** Assigned task **
Below are records; the lines starting at the one with "Ultra Racing Lexus" and ending at the one with "9020 W Castle Cir, Labelle, FL 33935" must be reproduced exactly, both included. Pictures must not appear.

** Provided material **
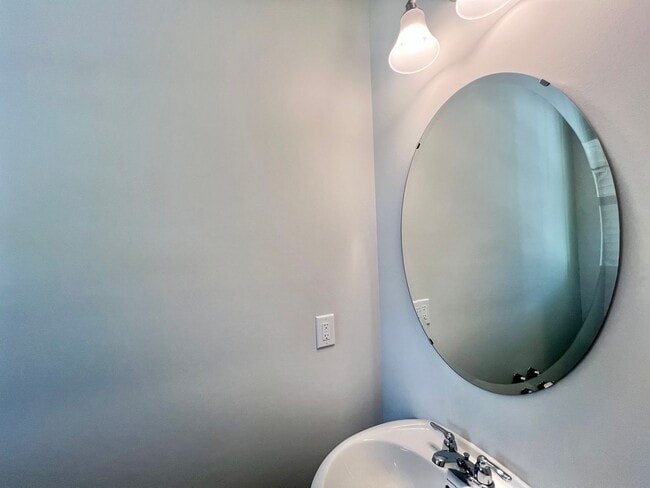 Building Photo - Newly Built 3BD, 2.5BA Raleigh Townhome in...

* * *

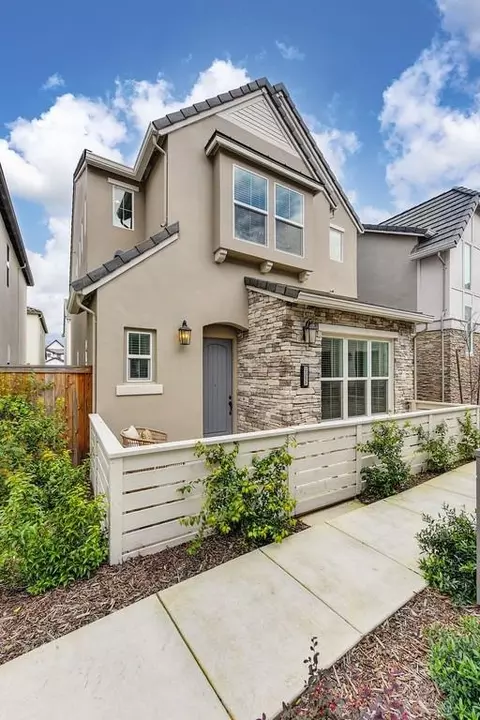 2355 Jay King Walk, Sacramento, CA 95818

--

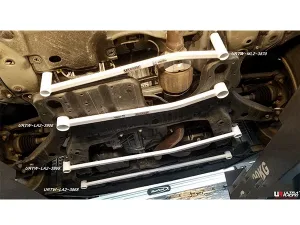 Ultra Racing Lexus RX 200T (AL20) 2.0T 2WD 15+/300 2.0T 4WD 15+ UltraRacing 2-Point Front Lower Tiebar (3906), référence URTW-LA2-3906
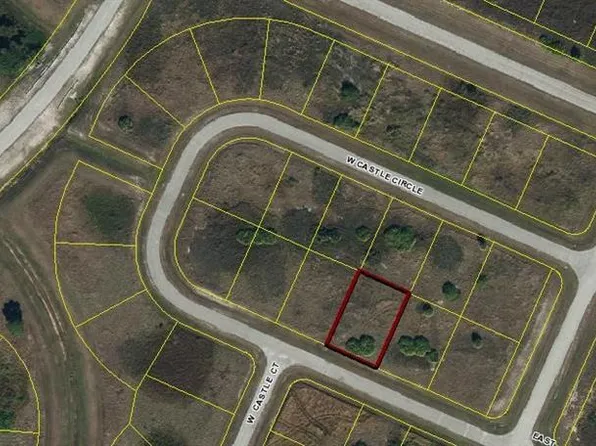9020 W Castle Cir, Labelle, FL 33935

** Result of this task **
 Ultra Racing Lexus RX 200T (AL20) 2.0T 2WD 15+/300 2.0T 4WD 15+ UltraRacing 2-Point Front Lower Tiebar (3906), référence URTW-LA2-3906
9020 W Castle Cir, Labelle, FL 33935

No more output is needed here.